American politician (born 1971)

Michael Joseph Panetta (born July 14, 1971) is a former District of Columbia shadow representative, having served from 2007 to 2013. Though elected by the citizens of Washington, Panetta was not recognized by Congress. A shadow representative is different from a delegate to Congress, an office held by Eleanor Holmes Norton while Panetta was shadow representative.
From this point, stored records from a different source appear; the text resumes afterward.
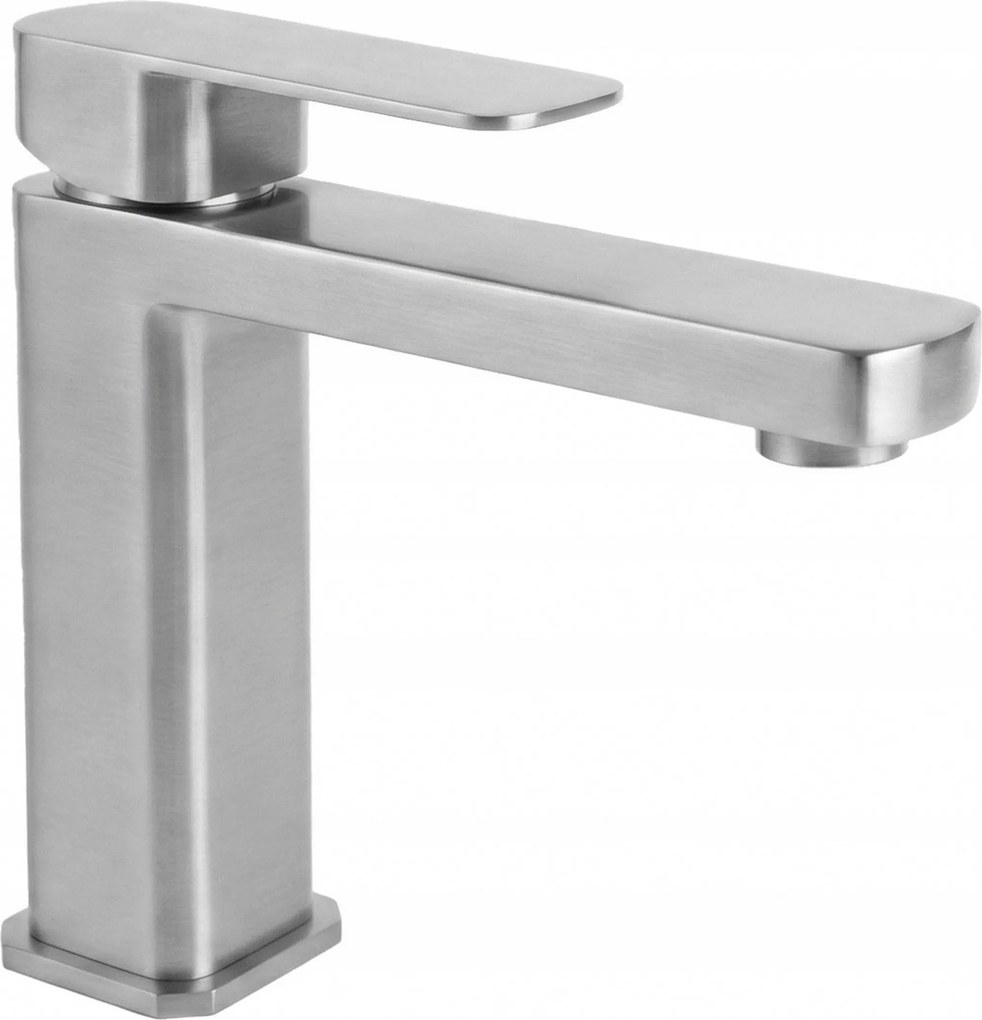 Mosdó csaptelep Nikkel Csiszolt Alacsony 17 cm Ezüst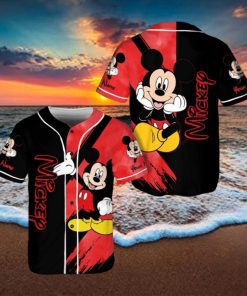 Custom Name Mickey Mouse Red Black Disney Baseball Jersey Shirt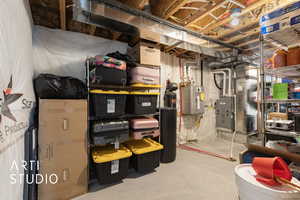 View of unfinished basement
The office of delegate is created by the U.S. House of Representatives and delegates are recognized by that body.

==Political career==
Panetta has run several high-profile campaigns for D.C. representation, including starting the District of Columbia Olympic Committee and leading efforts to rebrand RFK Stadium as "Taxation Without Representation Field". Panetta has pledged to make District of Columbia voting rights a national issue that is embraced by progressive activists across the country.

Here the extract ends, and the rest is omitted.